··· Task data
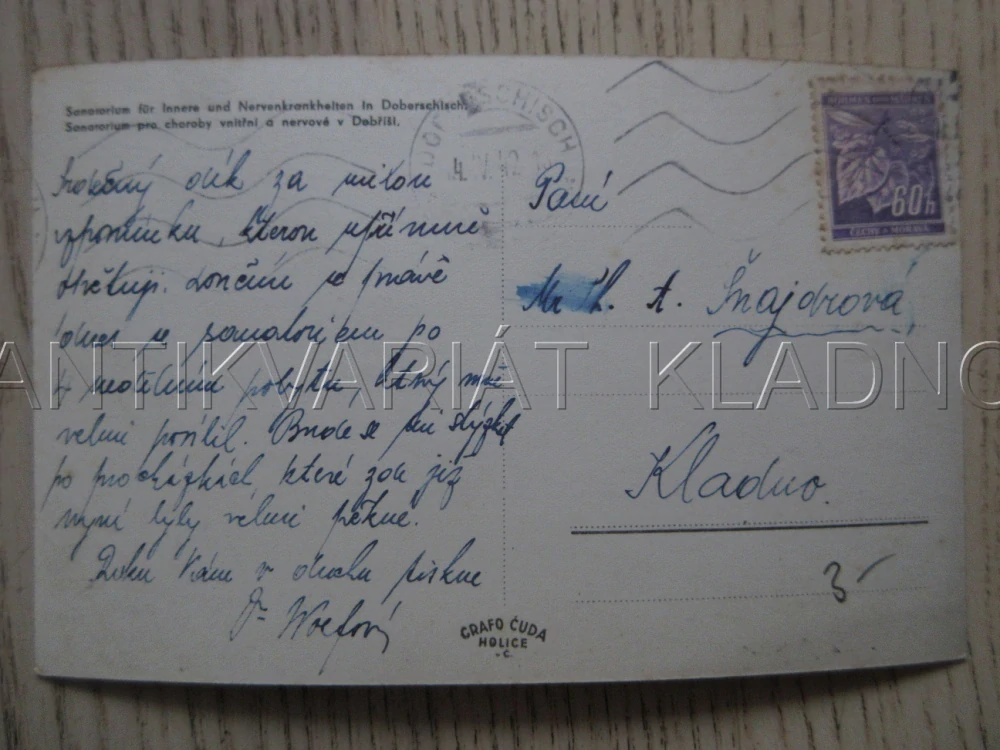 SANATORIUM PRO CHOROBY VNITŘNÍ A NERVOVÉ V DOBŘÍŠI, OKRES PŘÍBRAM, POHLEDNICE 1923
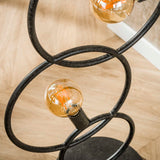 Lampe de sol noire 3 lumières industriel 140 cm 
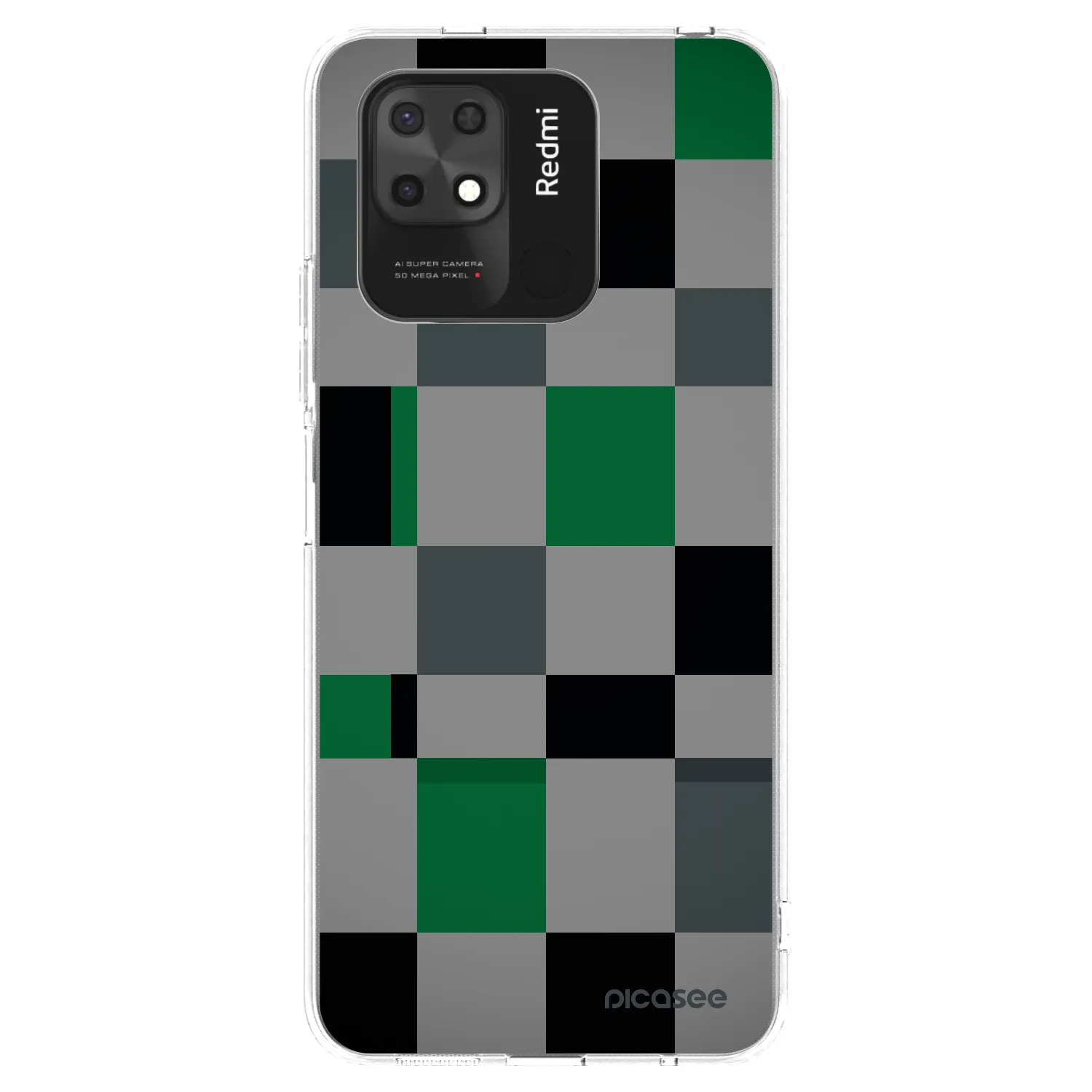 Picasee Xiaomi Redmi 10C Hülle - Transparentes Silikon - Block Grid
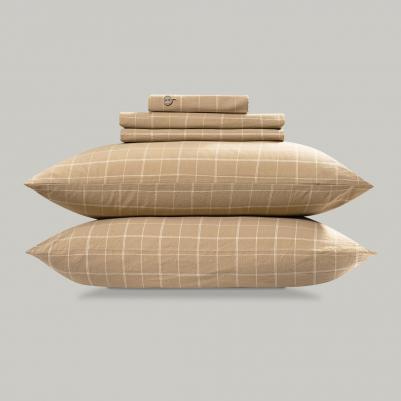 Комплект постельного белья Двуспальный "Вальбо" 175х205-1/240х260-1/50х70-2/70х70-2 сатин, варёный хлопок, бежевый – фото 3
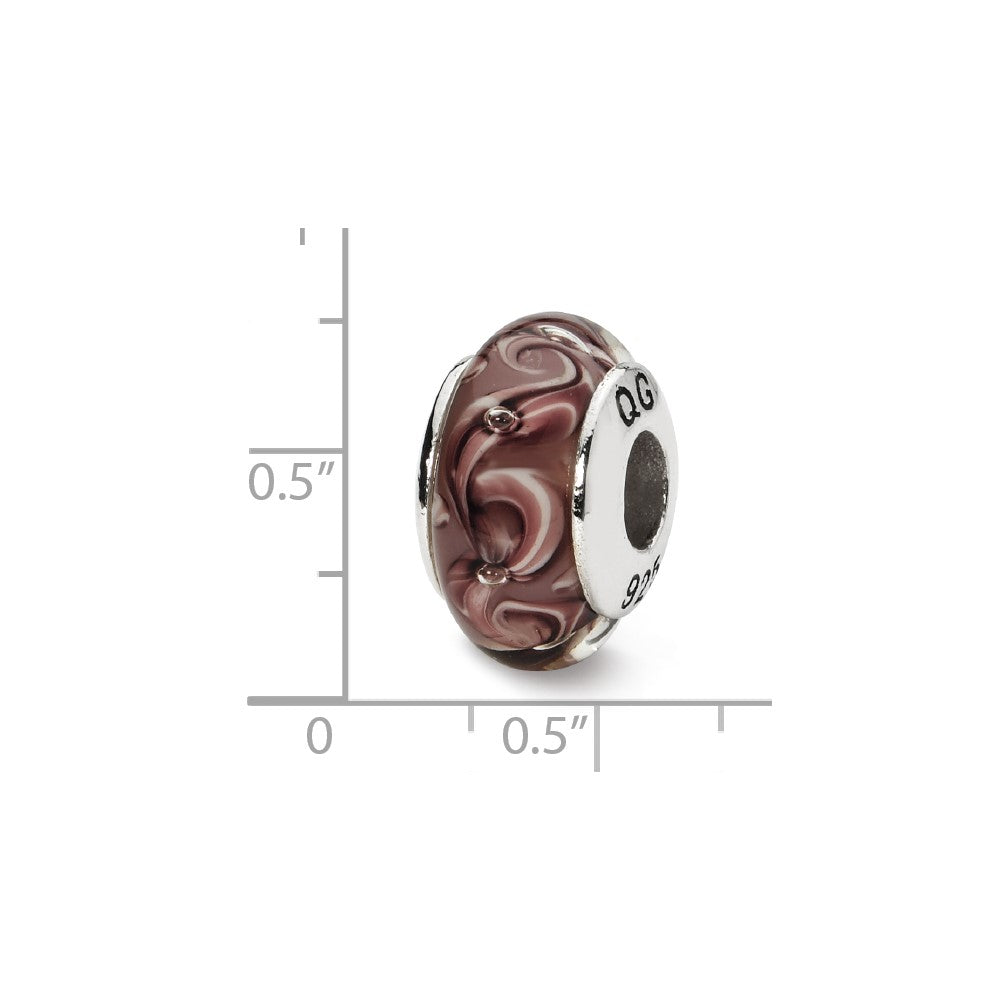 Sterling Silver Reflections Purple Swirl Hand-Blown Glass Bead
······
> What is expected
Please copy the lines exactly, beginning at the one containing "Комплект постельного белья" and ending at the last line of the records above, both included, with the pictures left out.

> Written answer
 Комплект постельного белья Двуспальный "Вальбо" 175х205-1/240х260-1/50х70-2/70х70-2 сатин, варёный хлопок, бежевый – фото 3
 Sterling Silver Reflections Purple Swirl Hand-Blown Glass Bead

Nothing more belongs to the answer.